» **Try it**
Below are some entries. Transcribe the lines from the one holding "Drei Paprika, die" to the one holding "Christmas hot chocolate", inclusive, but not the pictures among them.

» **Records for the task**
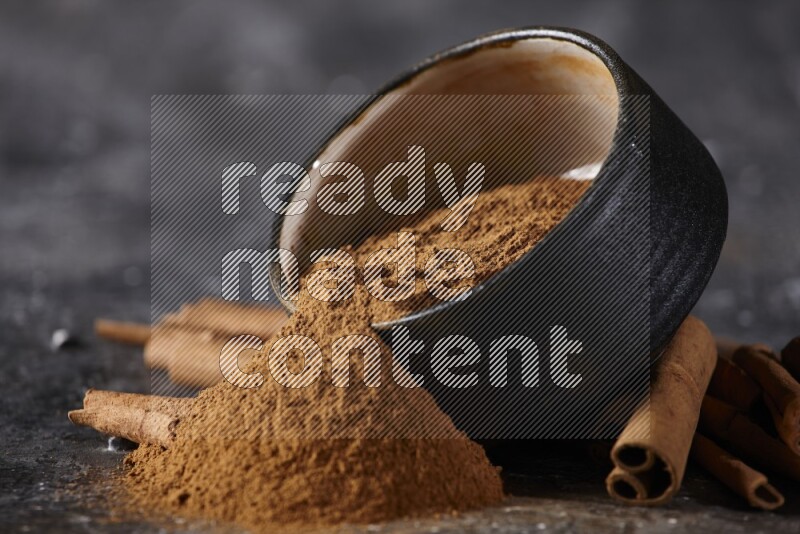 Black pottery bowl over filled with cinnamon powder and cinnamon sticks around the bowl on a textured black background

--

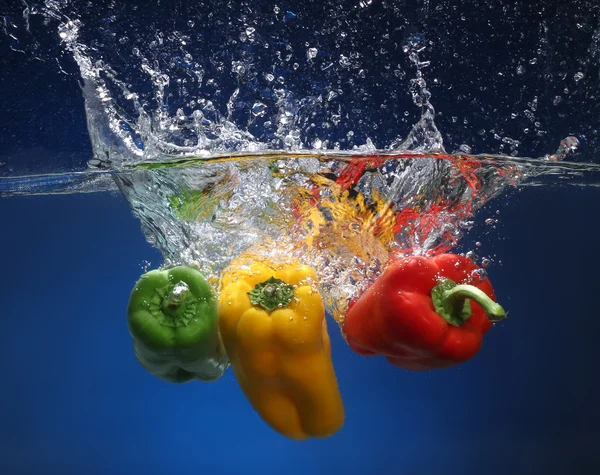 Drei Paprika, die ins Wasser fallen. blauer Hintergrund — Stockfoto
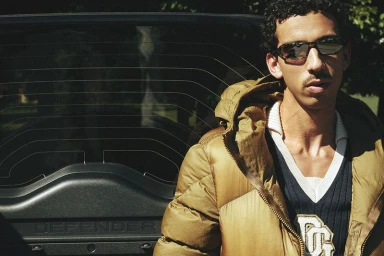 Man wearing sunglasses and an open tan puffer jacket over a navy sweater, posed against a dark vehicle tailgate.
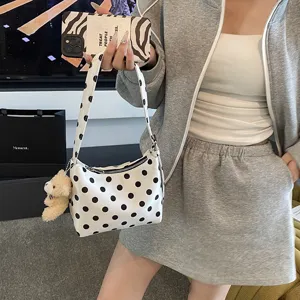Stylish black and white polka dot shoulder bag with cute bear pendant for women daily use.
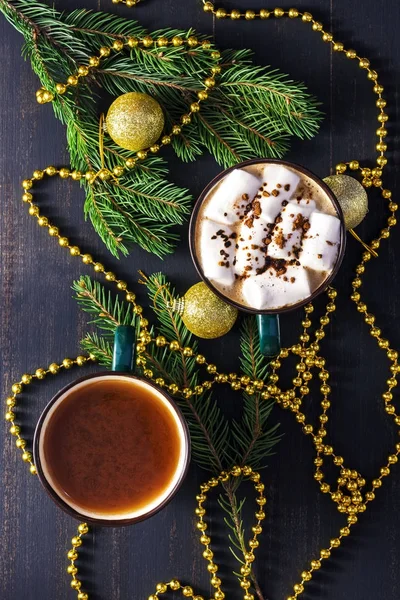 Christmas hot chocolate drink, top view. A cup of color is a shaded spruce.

» **Result of the task**
 Drei Paprika, die ins Wasser fallen. blauer Hintergrund — Stockfoto
 Man wearing sunglasses and an open tan puffer jacket over a navy sweater, posed against a dark vehicle tailgate.
Stylish black and white polka dot shoulder bag with cute bear pendant for women daily use.
 Christmas hot chocolate drink, top view. A cup of color is a shaded spruce.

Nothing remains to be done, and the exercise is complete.